[Data records]:

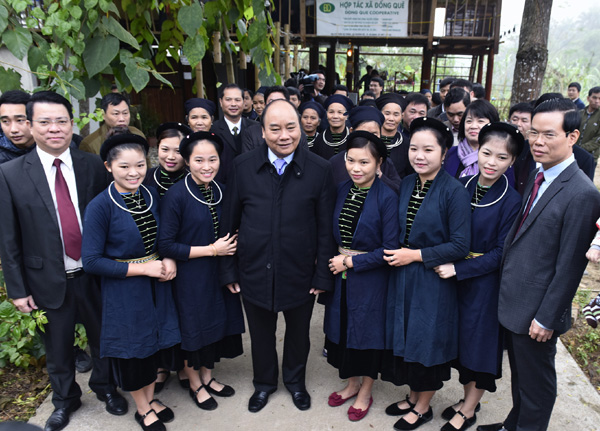 Thủ tướng Nguyễn Xuân Phúc tại thôn Hạ Thành, xã Phương Độ, thành phố Hà Giang.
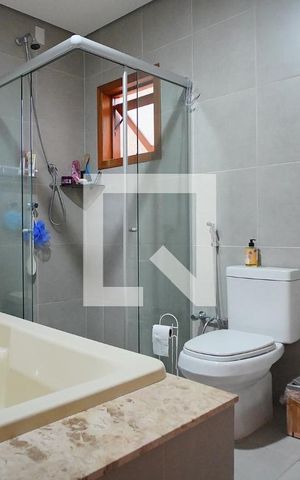 Casa à venda com 350m², 4 quartos e 4 vagasBanheiro Quarto
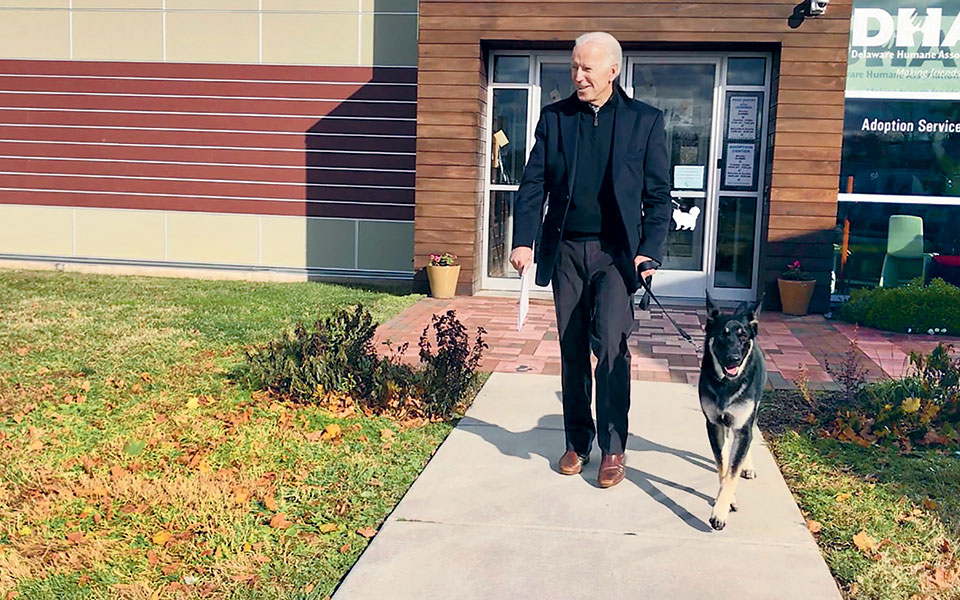 ηπα-στα-χέρια-γυναικών-και-η-οικονομία-561179497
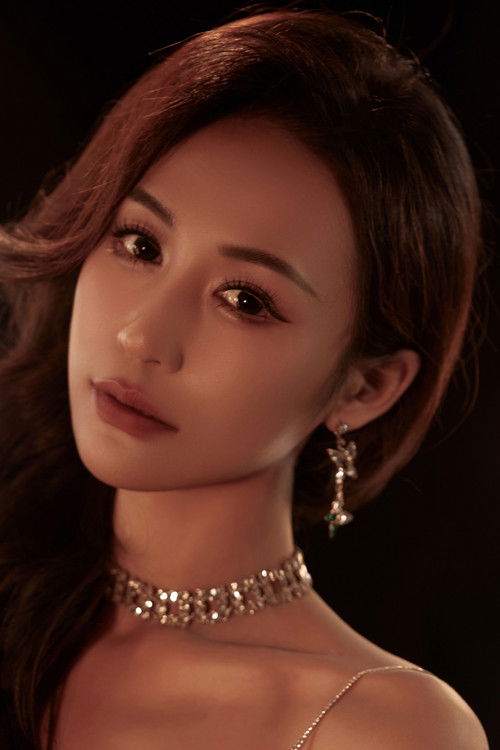 Zhang Lanxi as Qi Shi-Qi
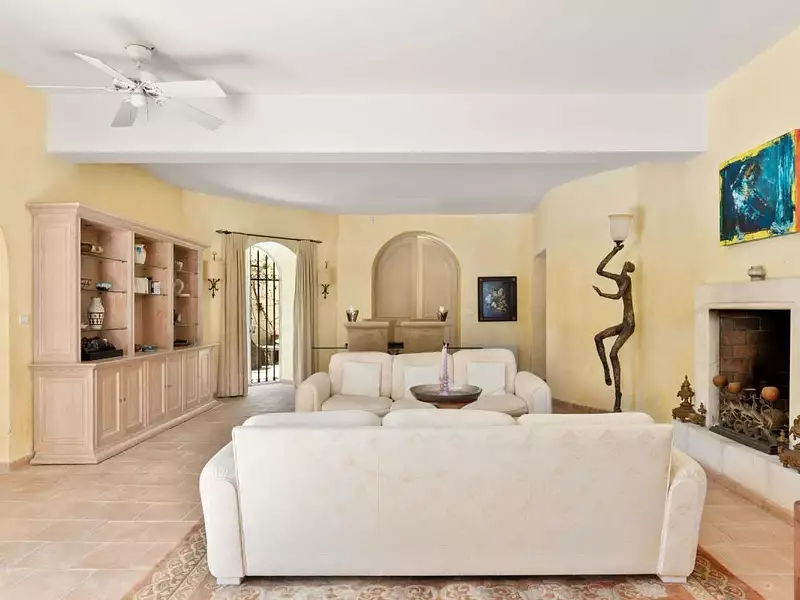 Appartement, 400 m²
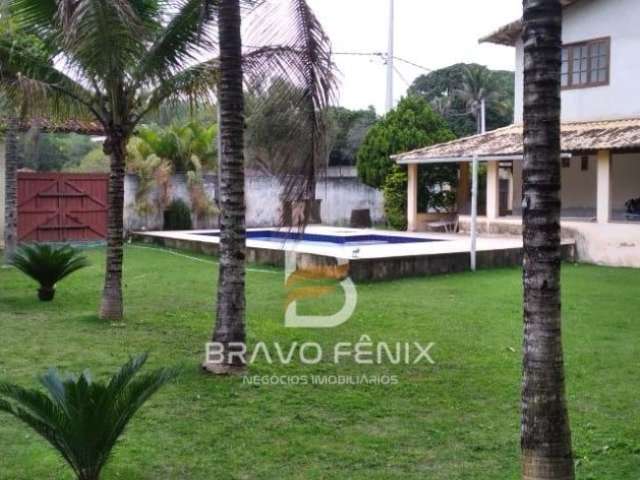 Casa com amplo terreno e piscina à venda em Bacaxá!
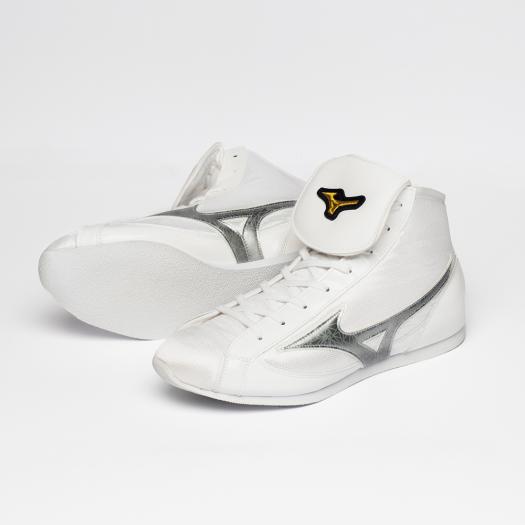 MIZUNO SHOP [ミズノ公式オンラインショップ] フィニッシャーLOW(ボクシング) ユニセックス 11 ホワイト＋シルバー（ポリゴン） 21GA230011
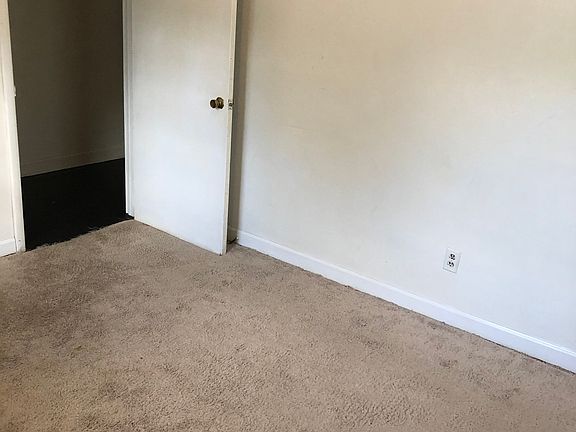 5th image of 102 Duke St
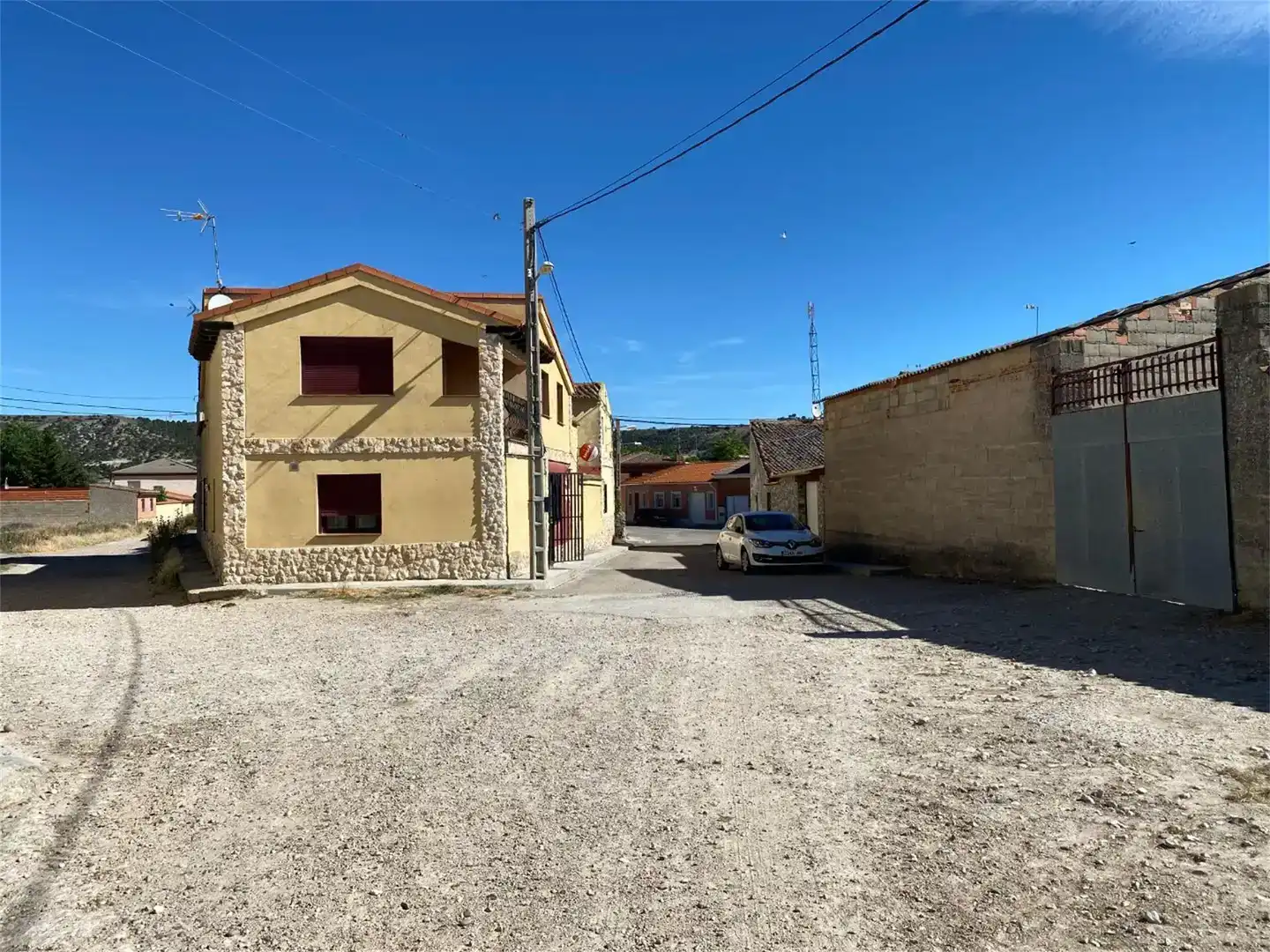 Exterior view of Industrial buildings for sale in Olmos de Esgueva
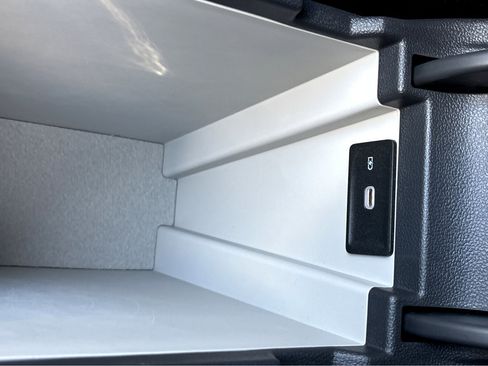 Used 2022 Volkswagen Jetta GLI Autobahn image 35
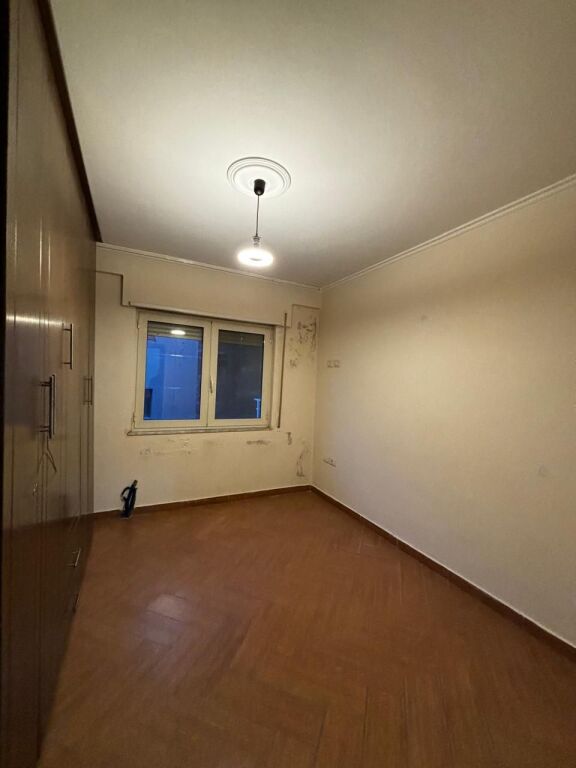 Shitet apartament 2+1+2 në Misto Mame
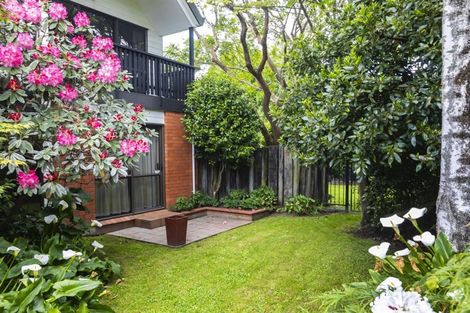 Photo of property in 2/5a Regency Crescent, Redwood, Christchurch, 8051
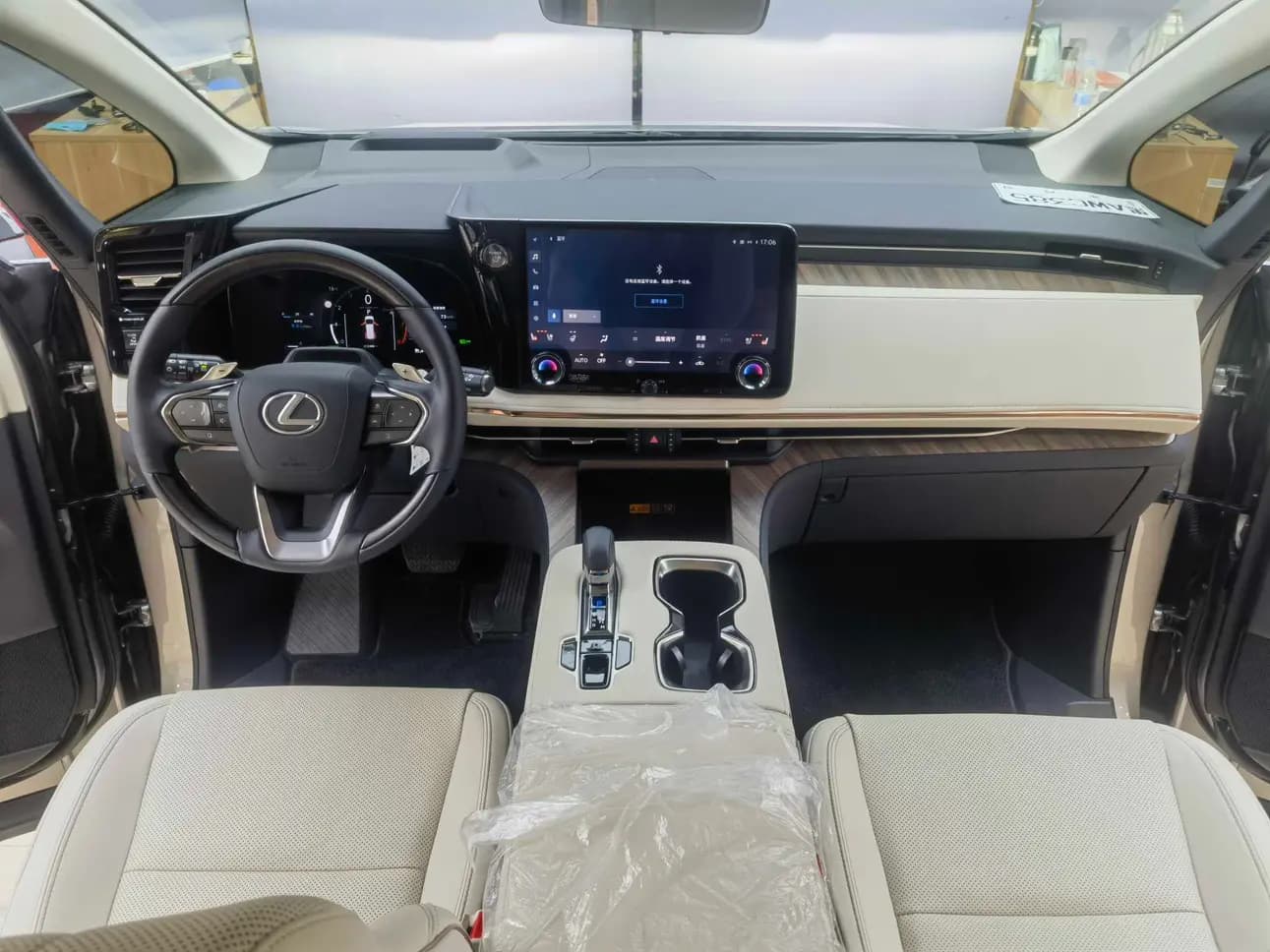 Lexus LM 2024 г. 17079 км. — фото 12
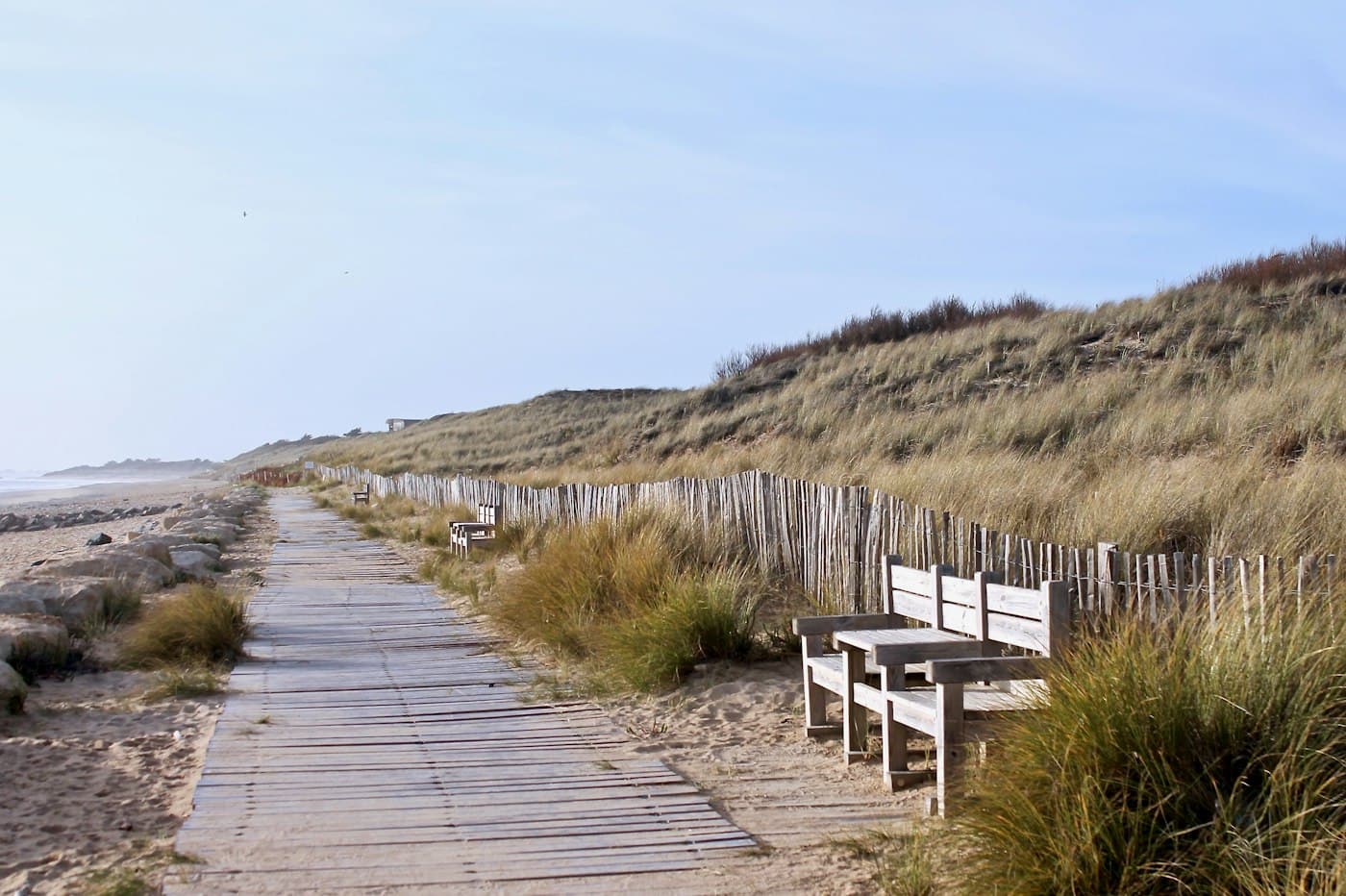 Chemin de sable entre les dunes de l’île de Ré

[Required action]:
Any pictures above are to be left out. Retype the rest of the records exactly.

[Reply to the exercise]:
 Thủ tướng Nguyễn Xuân Phúc tại thôn Hạ Thành, xã Phương Độ, thành phố Hà Giang.
 Casa à venda com 350m², 4 quartos e 4 vagasBanheiro Quarto
 ηπα-στα-χέρια-γυναικών-και-η-οικονομία-561179497
 Zhang Lanxi as Qi Shi-Qi
 Appartement, 400 m²
 Casa com amplo terreno e piscina à venda em Bacaxá!
 MIZUNO SHOP [ミズノ公式オンラインショップ] フィニッシャーLOW(ボクシング) ユニセックス 11 ホワイト＋シルバー（ポリゴン） 21GA230011
 5th image of 102 Duke St
 Exterior view of Industrial buildings for sale in Olmos de Esgueva
 Used 2022 Volkswagen Jetta GLI Autobahn image 35
 Shitet apartament 2+1+2 në Misto Mame
 Photo of property in 2/5a Regency Crescent, Redwood, Christchurch, 8051
 Lexus LM 2024 г. 17079 км. — фото 12
 Chemin de sable entre les dunes de l’île de Ré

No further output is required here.